Cerita detektif memiliki ciri khas, yaitu ragam cerita yang mengungkapkan rahasia suatu pembunuhan. Dalam cerita detektif pertama-tama harus ada mayat atau peristiwa kematian sebagai hasil kejahatan (crime) atau pembunuhan. Untuk mencapai efek ketegangan, dalam alur pokok cerita detektif selalu diselingi flashback, yakni secara bertahap diperlihatkan apa yang menjadi motif pembunuhan dan siapa pelakunya. Dalam proses pengungkapan rahasia itu terlebih dulu diciptakan konflik berupa kesimpangsiuran atau keragu-raguan tentang siapa pelaku pembunuhan. Setiap orang yang pernah berhubungan dengan korban tak luput dari sasaran kecurigaan. Di akhir cerita baru ditunjukkan bahwa ternyata pelaku pembunuhan bukan orang yang disangka-sangka. Ia bisa orang terdekat dengan korban, salah satu anggota keluarganya, anak wayang yang belum balig, orang yang sudah tua renta, dan sebagainya dengan berbagai alasan yang sangat berkaitan dengan kejiwaan yang mengalami gangguan (pathologist).
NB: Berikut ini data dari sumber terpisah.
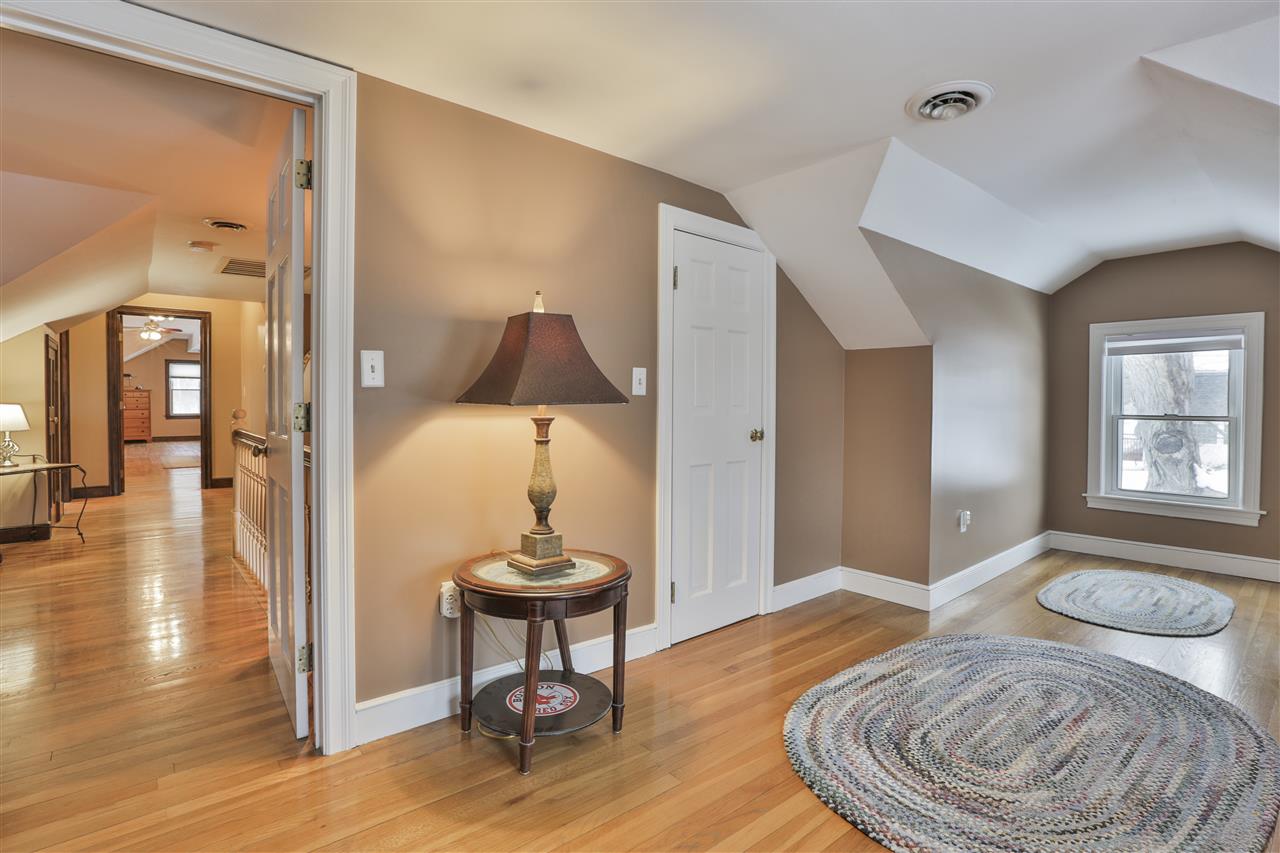 41 Haverhill Road Salem, NH 03079 - Photo 24 of 36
Cerita detektif klasik yang sudah mendunia, antara lain rangkaian seri cerita James Bond karya Ian Fleming dan seri petualangan detektif karya Sir Arthur Conan Doyle berjudul Sherlock Holmes. Dalam bacaan populer Indonesia pada tahun 50-an pernah dikenal tokoh detektif dalam buku Patjar Merah kaya Njoo Cheong Seng dan seri karya S. Mara. G.D. yang tumbuh sejak tahun 80-an. Apabila meninjau sejarah kesusastraan Indonesia maupun daerah (Jawa, Sunda) masing-masing pernah memiliki karya bercorak cerita detektif.
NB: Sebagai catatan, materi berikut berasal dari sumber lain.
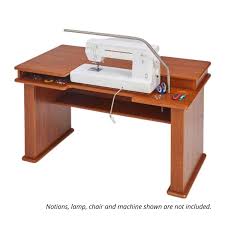 koala sewing station sewingcabinets com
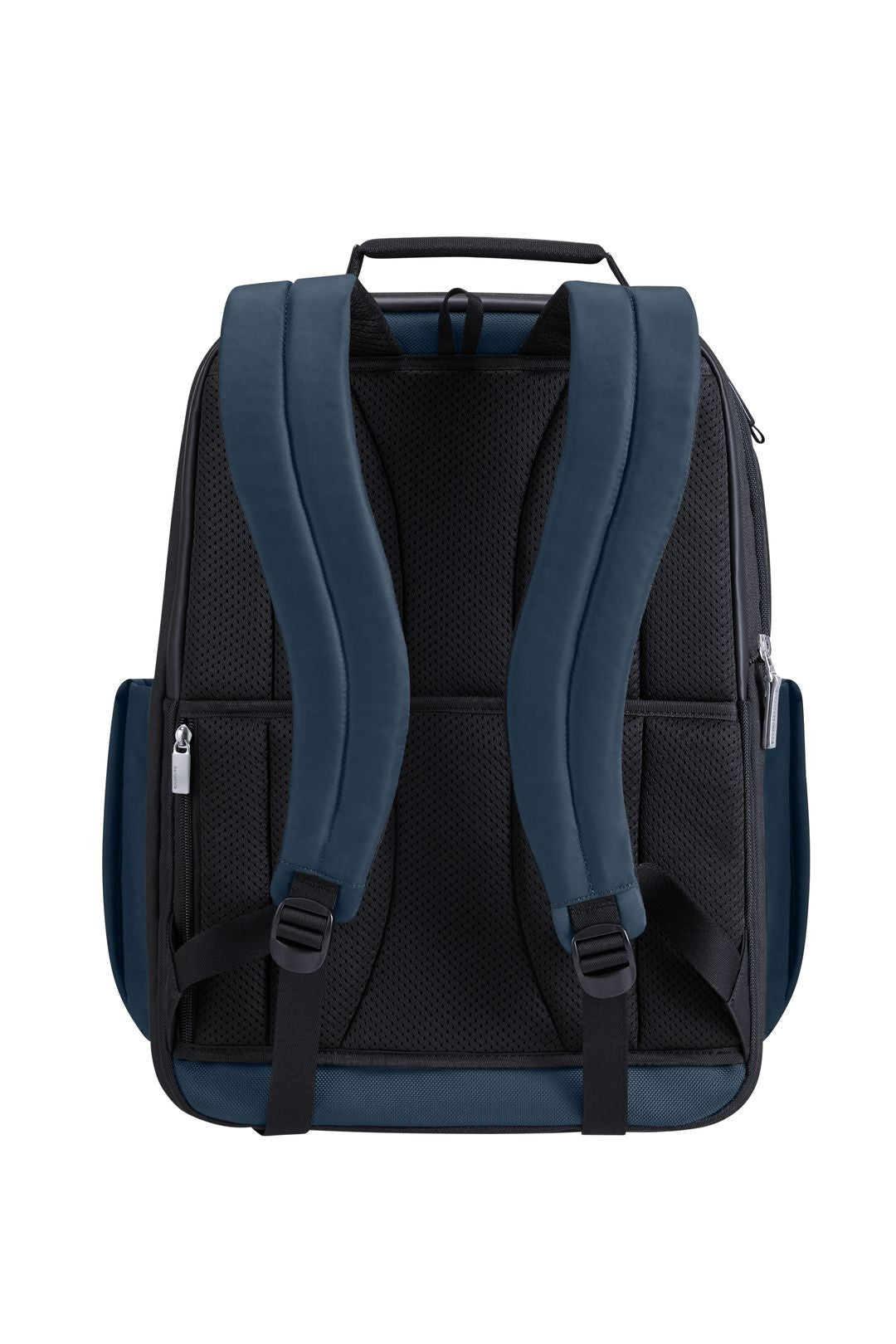 Samsonte Extensible Travel Backpack 17.3 "Openroad 2.0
Suman H.S. pada masa-masa awal pertumbuhan sastra Indonesia pernah menghasilkan karya novel berjudul Mencari Pencuri Anak Perawan yang dinilai para kritikus sebagai salah satu contoh cerita detektif. Selain itu, sebuah novel berjudul Tjintjin Stempel karya Ardisoma yang terbit tahun 1930-an juga dianggap sebagai karya sastra dari ragam cerita detektif. Dalam kesusastraan Sunda pernah ditulis novel berjudul Laleur Bodas 'Lalat Putih' karya Samsu dan Si Bedog Panjang 'Si Golok Panjang' karya Ki Umbara, saduran dari cerita detektif dalam bacaan berbahasa Belanda. Kedua novel itu juga dinilai sebagai cerita detektif.
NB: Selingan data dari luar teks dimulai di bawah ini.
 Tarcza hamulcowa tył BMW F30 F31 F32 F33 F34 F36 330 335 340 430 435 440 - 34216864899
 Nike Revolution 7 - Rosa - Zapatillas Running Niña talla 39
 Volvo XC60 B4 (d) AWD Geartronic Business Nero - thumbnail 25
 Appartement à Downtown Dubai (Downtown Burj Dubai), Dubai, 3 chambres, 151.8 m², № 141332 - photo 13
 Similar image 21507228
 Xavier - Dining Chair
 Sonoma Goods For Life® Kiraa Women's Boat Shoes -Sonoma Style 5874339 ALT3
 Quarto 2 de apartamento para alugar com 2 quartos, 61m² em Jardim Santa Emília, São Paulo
Cerita Detektif lain adalah karya Agatha Christie, diantaranya (1) Anjing Kematian, (2) Gadis Ketiga, (3) Kenangan Kematian, (4) Mawar Tak Berduri, (5) Mereka Datang ke Bagdad, (6) Misteri Burung Hitam, (7) Misteri Kereta Api Biru, (8) Pembunuhan di Lorong, (9) Pembunuhan di Wisma Pendeta, (10) Pena Beracun, (11) Perjanjian dengan Maut, (12) Rumah di Tepi Kanal, (13) Skandal Perjamuan Natal, dan (14) Tiga Belas Kasus.
Kehadiran buku pertama cerita detektif karya Yokie, Detective Diary (DD), disambut positif. Buku tersebut diterbitkan oleh Gagas Media, Jakarta, cetak I tahun 2004- tebal VIII—2227. Tokoh cerita adalah peran pembantu yang sama. Tokoh detektif tersebut bernama Javit Adityo, seorang pemuda bertubuh kecil, berkacamata minus, dan berstatus sebagai mahasiswa Fakultas Hukum di sebuah universitas di Depok. Yokie mulai menulis komik sejak sekolah dasar, tetapi baru tahun 2003 ia menulis DD. Sebelum itu, Yokie aktif menulis cerita detektif di buletin kampus Iqro. Oleh karena itu, sebagian besar kisah ceritanya merupakan kumpulan dari tulisan lepas-lepas yang pernah terbit dalam Iqro. Cerita Yokie ini juga cocok untuk jenis pembaca yang tidak punya waktu membaca novel panjang, tetapi ingin membaca kisah dan kasus-kasus pendek yang cepat terungkap dalam 10—20 halaman. Dalam cerita detektif hal penting yang tidak boleh dilupakan adalah motif pelaku. Sebagai upaya menyajikan alternatif lokal, karya perdana Yokie ini patut dihargai.